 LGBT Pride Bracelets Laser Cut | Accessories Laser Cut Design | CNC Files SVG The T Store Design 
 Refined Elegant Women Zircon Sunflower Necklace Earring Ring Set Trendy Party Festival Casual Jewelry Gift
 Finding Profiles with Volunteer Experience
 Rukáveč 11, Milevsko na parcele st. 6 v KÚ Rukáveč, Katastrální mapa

=======

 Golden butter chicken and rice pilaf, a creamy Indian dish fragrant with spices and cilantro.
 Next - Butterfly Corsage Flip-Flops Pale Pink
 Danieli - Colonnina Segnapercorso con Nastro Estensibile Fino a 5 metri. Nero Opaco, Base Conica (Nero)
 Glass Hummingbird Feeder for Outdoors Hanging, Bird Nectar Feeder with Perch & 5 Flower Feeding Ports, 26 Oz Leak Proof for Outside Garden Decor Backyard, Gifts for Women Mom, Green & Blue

=======

Work to complete ▸ Reproduce, word for word and in full, only the lines above that start at the line with "Next - Butterfly" and run through the line with "Glass Hummingbird Feeder", both ends included.

Task result ▸
 Next - Butterfly Corsage Flip-Flops Pale Pink
 Danieli - Colonnina Segnapercorso con Nastro Estensibile Fino a 5 metri. Nero Opaco, Base Conica (Nero)
 Glass Hummingbird Feeder for Outdoors Hanging, Bird Nectar Feeder with Perch & 5 Flower Feeding Ports, 26 Oz Leak Proof for Outside Garden Decor Backyard, Gifts for Women Mom, Green & Blue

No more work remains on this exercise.